→ EXERCISE GOAL: Wherever the line with "Butterfly wings 02 for Sims 4" sits in the listing below, transcribe from it up to and including the line with "Мобильный телефон Nokia", exactly, and leave the remaining lines out.

[[ INPUT RECORDS open ]]

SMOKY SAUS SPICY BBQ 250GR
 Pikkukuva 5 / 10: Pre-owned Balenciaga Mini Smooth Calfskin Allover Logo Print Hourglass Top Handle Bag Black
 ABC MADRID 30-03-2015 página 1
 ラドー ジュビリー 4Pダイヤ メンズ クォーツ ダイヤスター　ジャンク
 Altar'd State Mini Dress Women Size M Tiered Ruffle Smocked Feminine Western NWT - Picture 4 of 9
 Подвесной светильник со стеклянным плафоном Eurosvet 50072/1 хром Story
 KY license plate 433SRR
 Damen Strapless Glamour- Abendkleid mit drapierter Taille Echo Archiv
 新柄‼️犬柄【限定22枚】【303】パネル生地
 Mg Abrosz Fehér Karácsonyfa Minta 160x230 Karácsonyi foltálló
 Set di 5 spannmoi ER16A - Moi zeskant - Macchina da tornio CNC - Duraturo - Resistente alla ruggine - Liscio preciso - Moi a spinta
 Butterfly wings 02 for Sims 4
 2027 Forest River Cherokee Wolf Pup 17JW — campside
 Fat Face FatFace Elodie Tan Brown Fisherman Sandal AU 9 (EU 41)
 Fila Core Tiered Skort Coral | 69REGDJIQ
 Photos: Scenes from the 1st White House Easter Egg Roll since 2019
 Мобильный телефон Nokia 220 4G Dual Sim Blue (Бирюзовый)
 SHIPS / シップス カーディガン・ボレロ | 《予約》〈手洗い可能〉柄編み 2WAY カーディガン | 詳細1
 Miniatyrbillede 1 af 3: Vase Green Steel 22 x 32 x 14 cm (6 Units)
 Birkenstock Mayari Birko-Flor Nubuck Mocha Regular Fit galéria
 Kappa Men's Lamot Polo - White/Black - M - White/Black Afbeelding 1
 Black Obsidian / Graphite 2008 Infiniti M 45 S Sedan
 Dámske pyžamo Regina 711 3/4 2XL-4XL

[[ INPUT RECORDS closed ]]

→ EXPECTED ANSWER:
 Butterfly wings 02 for Sims 4
 2027 Forest River Cherokee Wolf Pup 17JW — campside
 Fat Face FatFace Elodie Tan Brown Fisherman Sandal AU 9 (EU 41)
 Fila Core Tiered Skort Coral | 69REGDJIQ
 Photos: Scenes from the 1st White House Easter Egg Roll since 2019
 Мобильный телефон Nokia 220 4G Dual Sim Blue (Бирюзовый)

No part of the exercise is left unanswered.